The transaction would use IBM’s blockchain for clearing and Stellar’s for settlement. For the customer, it would mean a quick transfer of funds, but what would be happening on the back end is the dollars would very briefly be converted to lumens and then reconverted to Euros.

“The banks are interested in the use of digital asset as a bridge currency to facilitate this,” said Lund.

Another method to transfer value over blockchain is through tokenization. Cross-border payments app Circle is currently testing the tokenization of fiat currency.

“It’s the same way you would tokenize a share,” said Circle CEO Jeremy Allaire, who added that while a paper share is a certificate that entitles the shareholder the right to vote, a tokenized equity instead of a paper certificate is a cryptographic token that can be stored, secured and transferred using blockchain technology.

The advantages compared to traditional systems
Security is embedded into the system: “These networks we’re building are permission networks — you can’t download the software and boot it up on your computer,” said Lund. Others say it’s less vulnerable to hacks. “The beauty of blockchain technology is that it’s an immutable ledger — you can’t hack ledgers,” said Allaire.
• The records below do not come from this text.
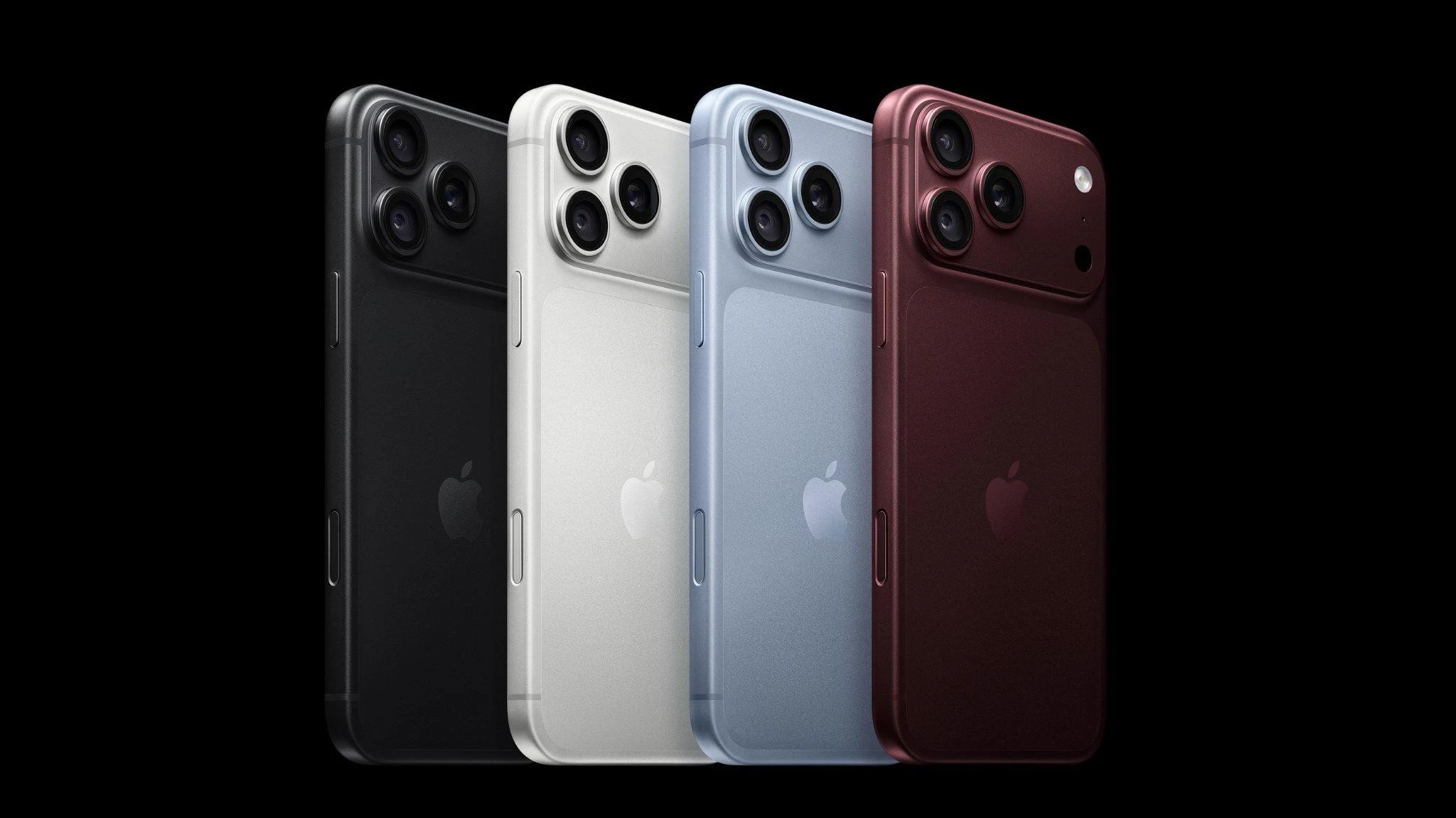 iPhone 18 Pro Max lập kỷ lục 300.000 đơn cọc: nghịch lý sức mua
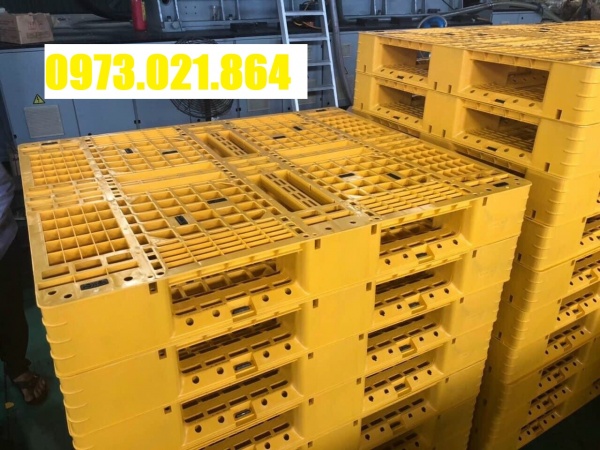 Pallet nhựa tại Bà Rịa - Vũng Tàu, pallet nhựa BRVT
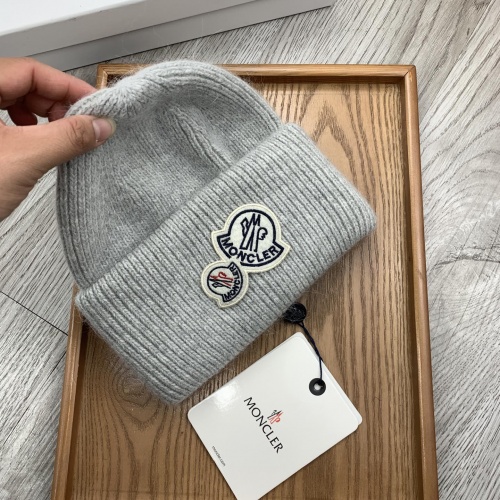 Replica Moncler Wool Hats #1035660 $27.00 USD for Wholesale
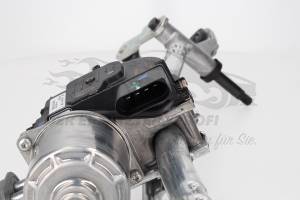 9824762480 Wischermotor vorne Citroen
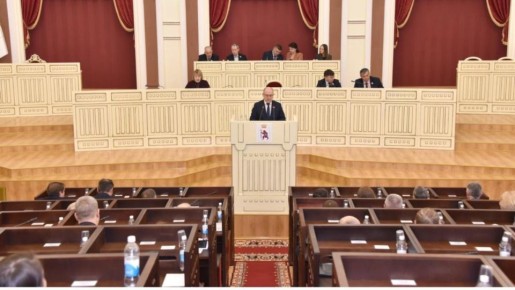 В Марий Эл расширили меры поддержки бойцов СВО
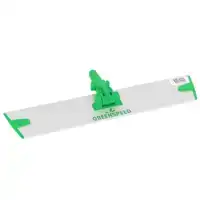 VLAKMOPPLAAT GREENSPEED QLINE VELCRO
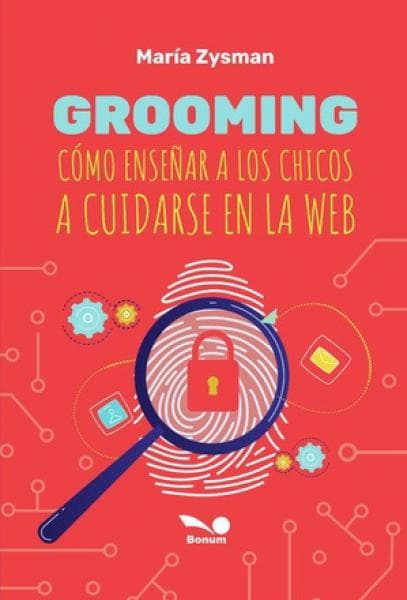 GROOMING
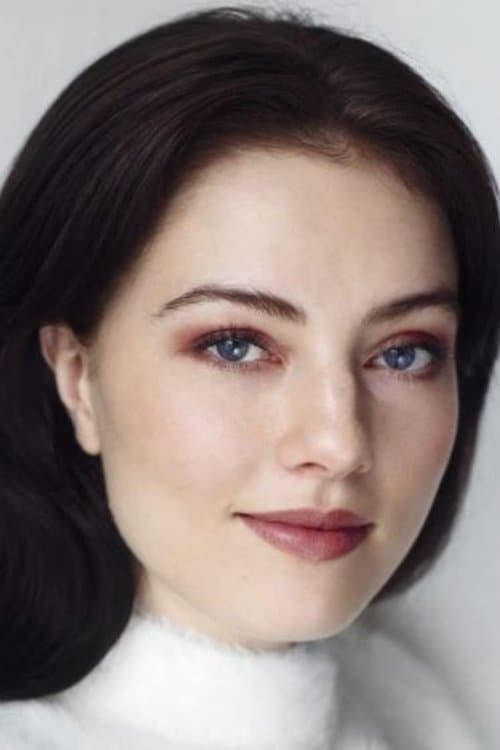 Sofia Karemyr zdjęcie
Blockchain also cuts down on costs. According to Ripple, an active player on cross-border payments enabled by blockchain, its solution cuts 81 percent of payment processing costs.

What’s keeping blockchain-powered cross border payments from wider adoption

  • More use cases for digital currency: For a traditional cross-border payments provider like Western Union, unless a full ecosystem takes shape where digital currency is more widely accepted, it’s taking a ‘wait and see’ approach, instead supporting the development of the technology through an investment in the Digital Currency Group. “We are heavily regulated, operating in more than 200 countries and territories,” said Khalid Fellahi, svp and general manager, Western Union Digital. “Given the amount of regulatory scrutiny we face, any movement into new products or services requires due diligence and dialogue with regulators.”
  • Interoperability: “If you’re a business that’s thinking about how you’re going to integrate this, there’s a proliferation of so many different ecosystems, and there isn’t a sense of how you’re going to participate in the world at large and with all your traditional payments and still have access to what you’re developing,” said Michael Kleinsteuber, director and global head of cross border payments product development at Citi, speaking at the Consensus 2017 conference in May.